Results after the jump
Winner:
"Excellent question. The chairs are vinyl, and can be cleaned with a damp sponge. Now, does anyone have any questions NOT about the nudity?" Tim C.
Finalists:
"This is the dawning of the age of some budget cuts, the age of needed budget cuuuuts! Budget cuuuuuuts! Budget cuts!" Josh Jacobson
“You, you’re the problem! All of you! It used to be about the pride of doing a good job, the comradery between co-workers, the satisfaction that came from providing quality goods and services at a fair price. We used to make something other than money, here, but now – now it’s all about profit margins and needless expansion and ‘meeting our numbers.’ Because we have to please you nitwits. There used to be something called ‘loyalty’ in this country. But you, you keep staring at those up-to-the-minute crawls, you keep your broker on speed-dial. You just want to know when it’s going to be the right time to cash out and jump on the Next Big Thing. You – all of you – you make me sick, and I’m going to walk right the hell out of here, just as soon as I’ve finished fucking this lectern.” J
Last week, I inadvertently selected two captions from the same person as the winner and a finalist. That was not technically against the rules, because there were no rules at the time. Now there is a single rule: while you may continue to submit as many captions as you like, only one caption per person will be honored. I call this the Tim C. rule, and it comes just in time. In addition to Tim C.'s unprecedented two-in-a-row win this week, any of the following from him could easily have been finalists:
"If you keep your eye on the dot in our logo, you'll get a delightful surprise! Unless you're expecting my penis to pop out of it. In which case, it will merely be delightful."

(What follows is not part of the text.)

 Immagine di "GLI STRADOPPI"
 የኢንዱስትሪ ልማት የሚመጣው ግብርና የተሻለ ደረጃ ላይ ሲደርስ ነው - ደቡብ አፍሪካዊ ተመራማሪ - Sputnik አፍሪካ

"We'd especially like to welcome the camera crew from HBO's 'Real Sex'. Apparently, they heard that we were unappealing and naked, and that's like catnip for those people."
"This year, we had losses of $3 million, partially offset by the fee we're currently earning from Spencer Tunick."
"And the motion to add Michelle Trachtenberg to our board carries by unanimous assent!"
Comments
"They give me free drinks if I stay behind the lectern."
Posted by: Slide | April 10, 2006 8:43 AM
Welcome, ladies and gentlemen. This year we lost our shirts. And our other clothing. And, though it's not immediately apparent due to our contorted postures, our pubic hair.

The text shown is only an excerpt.